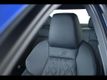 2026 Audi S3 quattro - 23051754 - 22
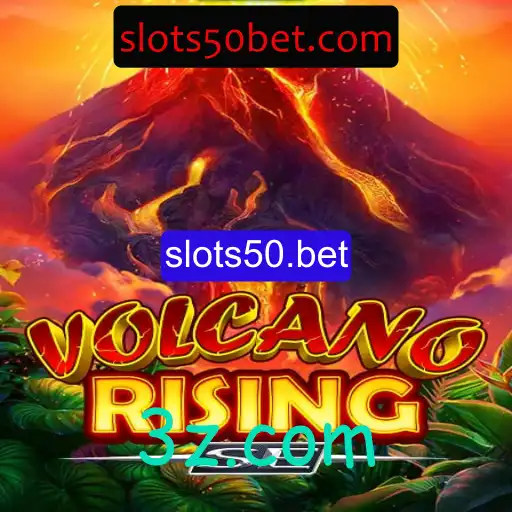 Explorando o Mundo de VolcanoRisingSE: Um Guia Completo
- - - -
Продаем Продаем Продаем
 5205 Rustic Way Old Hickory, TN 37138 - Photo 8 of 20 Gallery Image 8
- - - -
• Task requirements: Print again the lines of the entries above that fall between the line holding "Продаем Продаем Продаем" and the line holding "5205 Rustic Way", inclusive, exactly as they stand.

• Solved problem:
Продаем Продаем Продаем
 5205 Rustic Way Old Hickory, TN 37138 - Photo 8 of 20 Gallery Image 8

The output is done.